Зятек на миг задумался, глаза его невидяще остановились на пустоте. Сейчас он был дома, наблюдательно рассматривал Машу, придирчиво копался в памяти.

— Ну и что? — угадав его мысли, спросил Фролов.

— А черт ее знает, Федя, — с веселой досадой отмахнулся зятек. — Бывает, обе ноги вытянет, а то по одной. Но точно знаю: ест она хорошо. Будь здоров. Баба крепкая.
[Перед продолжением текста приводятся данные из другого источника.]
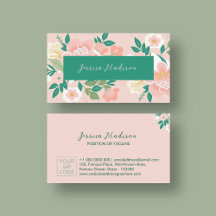 Elegante tarjeta de visita floral con código QR |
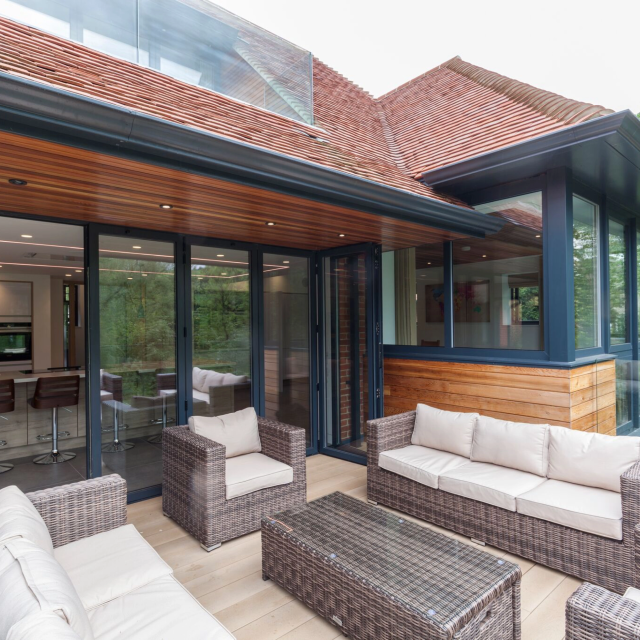 Smart Visofold 5 Pane Bi-Fold Door In Grey (Matt) - (3500mm x 1700mm) Thumbnail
Все ест.

— Добрая примета, — крякнул Ушаков.

— Но Маша и раньше, когда Тоню и Катю рожала, на аппетит не жаловалась. — Зятька одолевали сомнения.

— Ничего, Гена, ничего, — успокаивала его старая теща. — Сынка принесет — хорошо, а дочку — тоже неплохо. Все одно родные детишки. А у кого детей много, тот богом не забыт.

Слова эти зятьку, видно, не понравились, звучал в них, как уловил Фролов, призыв к смирению, к капитуляции.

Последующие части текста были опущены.